Ron McCue, the company’s president and chief operating officer, said they envision an operation between 30,000 and 50,000 square feet located in a spot that can serve both Idaho Falls Power and Rocky Mountain Power.
“We would like to find an existing building to retrofit,” he said. Rather than constructing something new and nondescript, the company would much prefer to find and interesting old building to remodel. He estimated the cost will be more than $10 million.
Silver Star has already been partnering with Idaho Falls Power, using the city’s dark fiber to provide service to commercial and industrial customers. From Idaho Falls, it has its own fiber to Salt Lake City, where it has Tier 1 servers in the Kearns Building.
“We think eastern Idaho is incredibly important to our economic vitality,” McCue said.
The company has a commitment to rural customers that dates back to the 1920s, when farmers and ranchers in lower Star Valley, Wyoming, built their own phone system. Silver Star Telephone Co. was incorporated in 1948 and in 1953 it a loan from the Rural Electrification Administration that allowed them to build a modern dial system.

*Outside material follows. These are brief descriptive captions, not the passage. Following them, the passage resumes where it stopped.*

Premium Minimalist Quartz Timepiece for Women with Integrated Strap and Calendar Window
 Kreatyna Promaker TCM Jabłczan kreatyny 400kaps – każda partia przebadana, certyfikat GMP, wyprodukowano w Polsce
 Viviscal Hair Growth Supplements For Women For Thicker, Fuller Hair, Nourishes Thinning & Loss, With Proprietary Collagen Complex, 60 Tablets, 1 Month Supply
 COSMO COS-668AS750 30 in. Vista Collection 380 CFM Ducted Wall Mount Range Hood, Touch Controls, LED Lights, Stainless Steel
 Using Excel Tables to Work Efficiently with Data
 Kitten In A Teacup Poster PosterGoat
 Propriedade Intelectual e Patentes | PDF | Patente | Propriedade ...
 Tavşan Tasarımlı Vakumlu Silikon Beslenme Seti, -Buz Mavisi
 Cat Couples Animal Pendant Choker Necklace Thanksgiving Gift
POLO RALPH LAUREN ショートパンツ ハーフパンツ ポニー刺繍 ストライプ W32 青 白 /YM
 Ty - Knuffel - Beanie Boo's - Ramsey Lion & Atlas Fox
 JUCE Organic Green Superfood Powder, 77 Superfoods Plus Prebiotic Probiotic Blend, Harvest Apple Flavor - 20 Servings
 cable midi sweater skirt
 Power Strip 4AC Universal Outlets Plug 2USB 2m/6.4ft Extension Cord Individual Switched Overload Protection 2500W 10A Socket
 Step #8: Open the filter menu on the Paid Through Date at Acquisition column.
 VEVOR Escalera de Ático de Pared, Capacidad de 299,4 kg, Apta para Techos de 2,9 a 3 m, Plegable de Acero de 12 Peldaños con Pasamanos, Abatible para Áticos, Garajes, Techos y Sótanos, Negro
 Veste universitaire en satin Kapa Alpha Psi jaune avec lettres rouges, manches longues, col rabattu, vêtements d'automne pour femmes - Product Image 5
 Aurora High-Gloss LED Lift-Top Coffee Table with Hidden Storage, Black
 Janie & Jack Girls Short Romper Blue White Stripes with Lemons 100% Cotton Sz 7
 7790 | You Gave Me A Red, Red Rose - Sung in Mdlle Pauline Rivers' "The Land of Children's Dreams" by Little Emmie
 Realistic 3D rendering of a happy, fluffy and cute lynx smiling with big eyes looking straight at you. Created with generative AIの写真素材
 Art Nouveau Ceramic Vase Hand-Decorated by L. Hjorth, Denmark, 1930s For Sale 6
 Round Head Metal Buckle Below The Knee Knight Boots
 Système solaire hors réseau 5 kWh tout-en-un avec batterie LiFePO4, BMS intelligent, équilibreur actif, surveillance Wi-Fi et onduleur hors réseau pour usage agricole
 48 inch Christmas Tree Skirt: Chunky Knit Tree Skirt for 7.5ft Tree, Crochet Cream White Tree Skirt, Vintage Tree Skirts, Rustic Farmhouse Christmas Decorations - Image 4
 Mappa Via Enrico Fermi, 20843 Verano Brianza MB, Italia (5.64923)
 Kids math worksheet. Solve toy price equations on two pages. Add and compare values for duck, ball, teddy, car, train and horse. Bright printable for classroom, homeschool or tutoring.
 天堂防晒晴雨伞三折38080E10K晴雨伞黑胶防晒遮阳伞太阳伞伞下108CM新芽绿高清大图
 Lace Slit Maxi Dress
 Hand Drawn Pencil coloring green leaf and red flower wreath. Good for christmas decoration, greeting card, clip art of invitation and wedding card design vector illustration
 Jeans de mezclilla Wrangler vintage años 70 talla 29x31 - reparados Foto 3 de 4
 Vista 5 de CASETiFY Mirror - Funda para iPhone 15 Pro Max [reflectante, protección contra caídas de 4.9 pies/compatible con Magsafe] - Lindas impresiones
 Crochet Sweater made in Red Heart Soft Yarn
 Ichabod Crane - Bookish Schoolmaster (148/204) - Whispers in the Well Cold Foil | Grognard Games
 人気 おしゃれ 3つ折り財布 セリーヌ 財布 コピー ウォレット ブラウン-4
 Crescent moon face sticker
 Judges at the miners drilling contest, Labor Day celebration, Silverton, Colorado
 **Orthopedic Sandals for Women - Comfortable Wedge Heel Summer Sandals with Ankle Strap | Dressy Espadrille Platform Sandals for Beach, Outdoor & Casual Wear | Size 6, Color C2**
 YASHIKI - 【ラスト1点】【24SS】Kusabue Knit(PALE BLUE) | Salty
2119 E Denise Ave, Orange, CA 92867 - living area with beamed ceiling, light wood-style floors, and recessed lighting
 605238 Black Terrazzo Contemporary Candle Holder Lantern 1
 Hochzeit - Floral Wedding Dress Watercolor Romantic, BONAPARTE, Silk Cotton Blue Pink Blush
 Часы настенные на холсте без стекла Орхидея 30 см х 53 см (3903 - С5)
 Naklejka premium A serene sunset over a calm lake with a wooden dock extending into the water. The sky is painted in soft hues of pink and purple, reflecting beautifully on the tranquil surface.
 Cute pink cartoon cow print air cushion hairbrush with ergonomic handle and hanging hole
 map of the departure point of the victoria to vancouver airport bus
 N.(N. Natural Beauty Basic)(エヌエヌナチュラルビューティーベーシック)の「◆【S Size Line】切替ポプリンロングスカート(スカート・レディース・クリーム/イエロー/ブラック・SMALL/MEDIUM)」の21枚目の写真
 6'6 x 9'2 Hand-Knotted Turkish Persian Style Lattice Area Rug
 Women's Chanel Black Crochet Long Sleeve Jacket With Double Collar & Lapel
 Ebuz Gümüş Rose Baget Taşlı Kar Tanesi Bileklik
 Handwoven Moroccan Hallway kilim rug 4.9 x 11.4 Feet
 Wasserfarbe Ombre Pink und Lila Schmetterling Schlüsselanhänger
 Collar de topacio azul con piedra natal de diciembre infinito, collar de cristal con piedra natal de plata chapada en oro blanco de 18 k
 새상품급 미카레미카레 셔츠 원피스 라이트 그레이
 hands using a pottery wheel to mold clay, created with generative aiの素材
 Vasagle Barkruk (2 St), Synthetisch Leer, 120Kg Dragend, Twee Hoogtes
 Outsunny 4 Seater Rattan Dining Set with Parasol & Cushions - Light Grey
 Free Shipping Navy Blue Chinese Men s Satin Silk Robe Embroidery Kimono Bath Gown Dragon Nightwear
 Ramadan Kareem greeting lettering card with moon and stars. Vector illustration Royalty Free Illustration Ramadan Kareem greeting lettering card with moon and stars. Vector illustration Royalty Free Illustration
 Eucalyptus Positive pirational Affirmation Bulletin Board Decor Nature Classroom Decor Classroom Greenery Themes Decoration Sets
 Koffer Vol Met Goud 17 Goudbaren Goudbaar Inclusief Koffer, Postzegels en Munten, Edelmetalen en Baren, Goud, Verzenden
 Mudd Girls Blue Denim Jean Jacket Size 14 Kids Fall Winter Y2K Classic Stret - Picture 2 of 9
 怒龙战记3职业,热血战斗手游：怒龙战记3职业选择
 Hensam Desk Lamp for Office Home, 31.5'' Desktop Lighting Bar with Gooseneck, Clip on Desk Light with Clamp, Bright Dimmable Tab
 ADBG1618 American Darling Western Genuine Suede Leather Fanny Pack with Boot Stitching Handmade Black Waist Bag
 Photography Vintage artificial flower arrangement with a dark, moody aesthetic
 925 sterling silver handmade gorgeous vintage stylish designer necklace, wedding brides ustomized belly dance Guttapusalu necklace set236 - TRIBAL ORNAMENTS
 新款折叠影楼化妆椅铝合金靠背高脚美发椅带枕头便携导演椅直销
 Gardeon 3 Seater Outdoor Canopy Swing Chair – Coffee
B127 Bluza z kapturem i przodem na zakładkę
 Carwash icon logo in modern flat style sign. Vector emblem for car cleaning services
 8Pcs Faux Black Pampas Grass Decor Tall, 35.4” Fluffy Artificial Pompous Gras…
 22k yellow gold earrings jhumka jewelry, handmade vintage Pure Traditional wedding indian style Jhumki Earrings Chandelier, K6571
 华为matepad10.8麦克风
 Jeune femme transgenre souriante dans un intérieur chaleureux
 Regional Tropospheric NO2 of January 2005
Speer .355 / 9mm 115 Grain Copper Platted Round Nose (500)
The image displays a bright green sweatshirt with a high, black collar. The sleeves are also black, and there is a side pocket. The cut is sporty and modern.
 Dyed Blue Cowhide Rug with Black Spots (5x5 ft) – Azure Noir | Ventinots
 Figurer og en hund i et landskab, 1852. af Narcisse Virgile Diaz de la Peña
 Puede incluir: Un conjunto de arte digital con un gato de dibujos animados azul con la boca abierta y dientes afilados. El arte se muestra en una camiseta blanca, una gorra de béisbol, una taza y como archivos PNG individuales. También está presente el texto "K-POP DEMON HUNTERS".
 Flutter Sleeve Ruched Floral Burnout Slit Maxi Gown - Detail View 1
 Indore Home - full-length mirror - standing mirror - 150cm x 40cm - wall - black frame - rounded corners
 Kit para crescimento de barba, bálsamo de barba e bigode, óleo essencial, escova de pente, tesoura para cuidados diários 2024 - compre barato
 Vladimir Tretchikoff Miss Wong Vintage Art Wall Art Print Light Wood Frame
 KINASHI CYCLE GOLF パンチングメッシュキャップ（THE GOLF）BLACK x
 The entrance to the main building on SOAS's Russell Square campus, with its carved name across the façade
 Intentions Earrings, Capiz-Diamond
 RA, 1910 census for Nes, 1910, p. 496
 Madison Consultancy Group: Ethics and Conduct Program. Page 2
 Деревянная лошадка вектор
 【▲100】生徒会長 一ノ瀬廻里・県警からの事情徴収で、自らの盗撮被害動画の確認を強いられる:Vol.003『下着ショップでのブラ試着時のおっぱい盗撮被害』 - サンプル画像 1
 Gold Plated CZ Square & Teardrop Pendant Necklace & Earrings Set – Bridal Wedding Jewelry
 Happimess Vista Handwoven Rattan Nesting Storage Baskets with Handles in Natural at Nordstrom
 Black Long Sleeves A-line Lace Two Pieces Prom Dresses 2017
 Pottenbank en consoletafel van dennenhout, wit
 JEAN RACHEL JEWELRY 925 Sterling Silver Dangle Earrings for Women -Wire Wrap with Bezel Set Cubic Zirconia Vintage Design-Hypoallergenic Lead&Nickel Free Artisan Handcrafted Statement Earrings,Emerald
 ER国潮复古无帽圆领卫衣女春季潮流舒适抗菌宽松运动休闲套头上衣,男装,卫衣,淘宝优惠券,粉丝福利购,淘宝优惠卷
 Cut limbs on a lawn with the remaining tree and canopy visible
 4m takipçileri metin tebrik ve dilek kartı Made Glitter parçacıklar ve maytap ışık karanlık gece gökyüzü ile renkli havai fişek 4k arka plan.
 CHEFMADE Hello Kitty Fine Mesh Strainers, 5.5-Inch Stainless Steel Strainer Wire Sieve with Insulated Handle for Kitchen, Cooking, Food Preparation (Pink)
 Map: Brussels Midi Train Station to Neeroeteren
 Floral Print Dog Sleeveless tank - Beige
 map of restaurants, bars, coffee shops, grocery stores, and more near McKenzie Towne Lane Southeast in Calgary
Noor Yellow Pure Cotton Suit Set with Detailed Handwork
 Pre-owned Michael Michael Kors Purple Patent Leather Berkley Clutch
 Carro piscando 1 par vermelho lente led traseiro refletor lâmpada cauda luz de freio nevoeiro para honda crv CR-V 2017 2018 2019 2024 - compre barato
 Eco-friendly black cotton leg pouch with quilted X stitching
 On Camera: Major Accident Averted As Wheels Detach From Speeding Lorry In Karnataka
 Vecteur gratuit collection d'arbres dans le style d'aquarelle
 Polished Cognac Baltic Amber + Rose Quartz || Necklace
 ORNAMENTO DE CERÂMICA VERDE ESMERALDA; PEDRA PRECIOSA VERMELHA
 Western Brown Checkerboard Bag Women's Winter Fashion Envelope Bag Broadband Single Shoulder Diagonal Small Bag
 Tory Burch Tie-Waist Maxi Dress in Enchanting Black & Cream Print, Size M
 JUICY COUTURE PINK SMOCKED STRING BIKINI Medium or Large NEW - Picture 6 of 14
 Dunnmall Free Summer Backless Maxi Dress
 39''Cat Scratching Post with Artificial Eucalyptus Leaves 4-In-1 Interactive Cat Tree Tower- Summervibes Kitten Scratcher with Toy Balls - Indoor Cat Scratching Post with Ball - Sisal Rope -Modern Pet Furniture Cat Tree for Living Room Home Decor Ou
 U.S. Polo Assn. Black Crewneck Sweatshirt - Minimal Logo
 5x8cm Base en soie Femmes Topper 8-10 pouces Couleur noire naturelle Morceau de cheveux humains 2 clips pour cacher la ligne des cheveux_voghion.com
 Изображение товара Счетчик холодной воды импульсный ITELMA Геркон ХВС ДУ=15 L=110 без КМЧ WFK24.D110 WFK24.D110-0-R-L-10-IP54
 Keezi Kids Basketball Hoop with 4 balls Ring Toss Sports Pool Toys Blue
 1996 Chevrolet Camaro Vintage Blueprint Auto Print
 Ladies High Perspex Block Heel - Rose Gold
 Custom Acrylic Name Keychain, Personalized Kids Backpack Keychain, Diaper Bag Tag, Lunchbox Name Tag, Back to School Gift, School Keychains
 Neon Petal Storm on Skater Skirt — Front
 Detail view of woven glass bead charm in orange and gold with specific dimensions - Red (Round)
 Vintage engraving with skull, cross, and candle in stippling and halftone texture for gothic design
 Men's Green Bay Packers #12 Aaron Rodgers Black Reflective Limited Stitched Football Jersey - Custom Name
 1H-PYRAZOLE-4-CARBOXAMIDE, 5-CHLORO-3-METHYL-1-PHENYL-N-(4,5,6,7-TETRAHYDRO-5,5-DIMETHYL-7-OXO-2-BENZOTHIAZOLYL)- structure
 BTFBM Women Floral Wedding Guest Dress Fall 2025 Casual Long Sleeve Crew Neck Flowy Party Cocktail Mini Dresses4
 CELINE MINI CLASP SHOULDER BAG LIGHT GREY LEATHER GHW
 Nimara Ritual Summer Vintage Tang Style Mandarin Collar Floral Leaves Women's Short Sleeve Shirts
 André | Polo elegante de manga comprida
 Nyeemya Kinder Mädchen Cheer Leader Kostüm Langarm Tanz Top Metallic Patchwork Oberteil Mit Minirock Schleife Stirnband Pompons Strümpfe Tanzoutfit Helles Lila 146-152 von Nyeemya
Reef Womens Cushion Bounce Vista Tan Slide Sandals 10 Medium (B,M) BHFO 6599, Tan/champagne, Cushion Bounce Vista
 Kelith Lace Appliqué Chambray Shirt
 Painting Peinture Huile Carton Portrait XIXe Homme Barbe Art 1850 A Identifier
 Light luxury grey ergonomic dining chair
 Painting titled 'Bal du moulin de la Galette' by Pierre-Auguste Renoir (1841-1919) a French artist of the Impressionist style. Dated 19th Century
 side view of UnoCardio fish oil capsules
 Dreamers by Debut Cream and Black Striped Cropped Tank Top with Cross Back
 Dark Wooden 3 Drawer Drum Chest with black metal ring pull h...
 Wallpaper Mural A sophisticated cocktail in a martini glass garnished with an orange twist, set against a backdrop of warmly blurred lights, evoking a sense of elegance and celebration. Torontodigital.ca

Melvin and Ardell Hoopes purchased the controlling interest in the company in 1956, eventually acquiring the remaining stock, and by 1961 they had expanded service into Idaho, providing service to Irwin, Palisades and Swan Valley, and expanding in 1964 to serve the tiny communities of Henry and Wayan.
McCue came to work for the company in 1989, just in time for the revolutionary changes brought on by the Internet. There is no such thing as a telephone company anymore. “Companies really need to be focused on being a broadband company,” he said.
Good Internet service is essential to electrical utilities operating at maximum efficiency. By having large commercial and industrial customers on a high-capacity system, Idaho Falls Power can shed load automatically during times of peak usage. “Say you’ve got a really hot day during the summer when everyone is running their air conditioners at maximum capacity,” McCue said. “We can find industrial equipment that may be unnecessarily consuming power and shut it down, avoiding brownouts and outages.”
Silver Star also sees opportunity in Ammon, which has been building its own fiber network the past three or four years. Unlike Idaho Falls’ network, which dates back more than 10 years and is focused mainly on serving government and business, Ammon is stringing fiber to residences as well.
“People take rising levels of speed for granted,” McCue said. “In a way, it’s just like the old days. When they called Aunt Bessie in Denver, they didn’t really care how the call was routed.”